Molecular Cell Biology
Head: Dr. Anja Bremm
Protein ubiquitination emerged as a fundamental regulatory process in the cell, and both proteolytic and non-proteolytic functions have been attributed to this small protein modifier. The various cellular responses to ubiquitin signals are highly regulated by factors that recognize or remove the modification (Ubiquitin-binding domain (UBD)-containing proteins and deubiquitinating enzymes (DUBs), respectively). Ubiquitin is attached to substrate lysine residues and can assemble at least eight differently linked polymers. Importantly, these ubiquitin chains have been associated with distinct cellular outputs, further increasing the astonishing complexity in the ubiquitin system.

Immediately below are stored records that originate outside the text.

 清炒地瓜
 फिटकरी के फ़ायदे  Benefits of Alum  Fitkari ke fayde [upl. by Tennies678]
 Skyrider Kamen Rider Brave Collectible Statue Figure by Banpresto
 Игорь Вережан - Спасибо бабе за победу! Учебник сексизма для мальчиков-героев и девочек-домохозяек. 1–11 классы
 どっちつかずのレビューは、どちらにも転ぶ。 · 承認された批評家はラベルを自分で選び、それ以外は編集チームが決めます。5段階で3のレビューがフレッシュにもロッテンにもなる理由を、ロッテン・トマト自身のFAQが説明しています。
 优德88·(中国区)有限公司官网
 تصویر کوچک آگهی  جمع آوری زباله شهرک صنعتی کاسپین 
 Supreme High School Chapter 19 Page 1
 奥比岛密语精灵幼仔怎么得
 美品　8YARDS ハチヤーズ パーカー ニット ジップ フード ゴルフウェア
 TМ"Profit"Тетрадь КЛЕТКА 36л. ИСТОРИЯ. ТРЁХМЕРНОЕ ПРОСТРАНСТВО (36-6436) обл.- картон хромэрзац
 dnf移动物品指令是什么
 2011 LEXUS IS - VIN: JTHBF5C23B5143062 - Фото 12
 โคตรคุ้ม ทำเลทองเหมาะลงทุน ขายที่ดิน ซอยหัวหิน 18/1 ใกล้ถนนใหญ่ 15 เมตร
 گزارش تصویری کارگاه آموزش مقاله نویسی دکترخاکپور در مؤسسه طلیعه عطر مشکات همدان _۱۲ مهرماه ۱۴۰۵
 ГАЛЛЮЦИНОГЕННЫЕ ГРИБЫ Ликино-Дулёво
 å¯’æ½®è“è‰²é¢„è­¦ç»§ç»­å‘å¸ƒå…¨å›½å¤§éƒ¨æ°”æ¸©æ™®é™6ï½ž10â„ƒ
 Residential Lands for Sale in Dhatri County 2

Our lab investigates the role of protein ubiquitination in adaptive responses to cellular stress, e.g. hypoxia, oxidative damage or starvation. In this context, we are particularly interested in the function and regulation of DUBs. Altered DUB activity is associated with a multitude of pathologies including cancer and Alzheimer’s diseases. Therefore, DUBs represent promising novel structures for targeted therapy. We aim to increase our understanding of the physiological functions and control mechanisms of these important and versatile enzymes.
Figure 1: Schematic overview of the ubiquitin system. DUBs play essential roles in the correct outcome of the ubiquitin code.